Nose With A Brain: New Bionic Nose Helps People Who Can’t Smell

Losing one’s sense of smell, or anosmia, can be a devastating experience. It can affect not only the enjoyment of food but also our ability to detect danger and our emotional well-being. For many people, the loss of smell is permanent and can result from a variety of conditions, including brain injuries and diseases such as covid-19. Two researchers at the Virginia Commonwealth University School of Medicine are working on a bionic device that they hope will help millions of people struggling with anosmia.

Craig Jerome, a nurse practitioner in North Carolina, contracted covid two years ago and lost his sense of smell. He is one of the many people who continue to experience anosmia even after recovering from covid. Richard Costanzo and Daniel Coelho hope their neuroprosthetic, which they call a “bionic nose,” can help Jerome and others like him.

The bionic nose is a device that uses microelectronics and computer processing, including artificial intelligence, to bypass the damaged olfactory cells and stimulate the brain directly with an implanted electrode array.

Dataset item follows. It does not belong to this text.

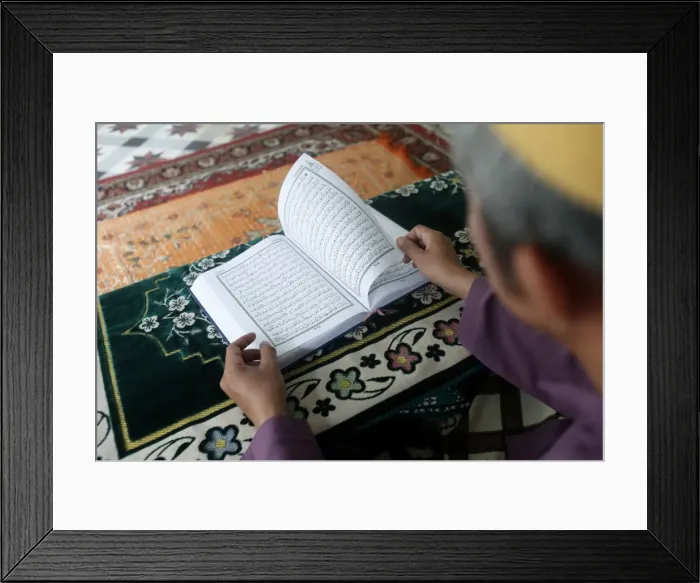 Framed Print : Muslim man reading an Arabic Holy Quran (Koran), Saigon Central Mosque, Ho Chi Minh City Framed Print : Muslim man reading an Arabic Holy Quran (Koran), Saigon Central Mosque, Ho Chi Minh City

A small external odor sensing piece will send signals to a microprocessor chip which will generate “unique digital fingerprints for different smells.” The chip will then relay the information via special radio wave frequencies to a receiver inside the skull to stimulate specific brain areas that generate a particular smell sensation or perception.

It will take five to ten years for a fully developed prototype to be ready for implantation and testing in patients. The researchers are currently conducting human studies to map out specific regions of the brain that, if stimulated, could generate smell perceptions. They are also planning studies to build a clinical version of their prototype that is safe and effective.

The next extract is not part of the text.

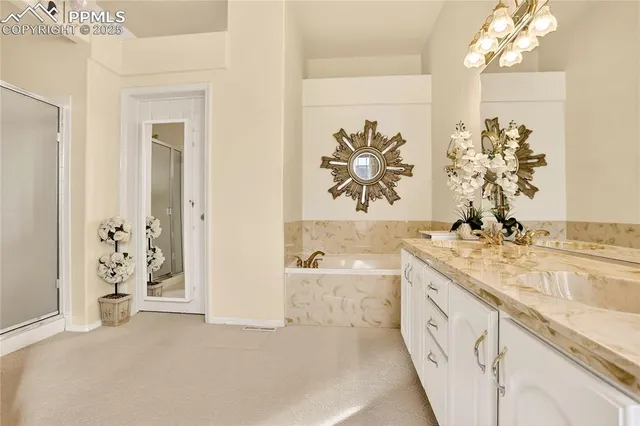 en suite bathroom with a double vanity sink a mirror a bathtub and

Studies to understand smell perceptions

An early version of the neuroprosthetic was tested on rats. The researchers cut the olfactory nerves of the rodents and surgically placed an electrode array by the olfactory brain area. Costanzo said they were able to bypass the cut nerves and activate the olfactory brain cells.

“The rat could not tell us what they could smell, but we could record the electrical signals generated in the brain,” he said.

The researchers — collaborating with a former student of Costanzo, Mark Richardson — are now conducting human studies to map out specific regions of the brain that, if stimulated, could generate smell perceptions.

Richardson, director of functional neurosurgery at Massachusetts General Hospital, is studying epilepsy patients, who have electrodes placed in different regions of the brain to understand which areas are involved in seizures.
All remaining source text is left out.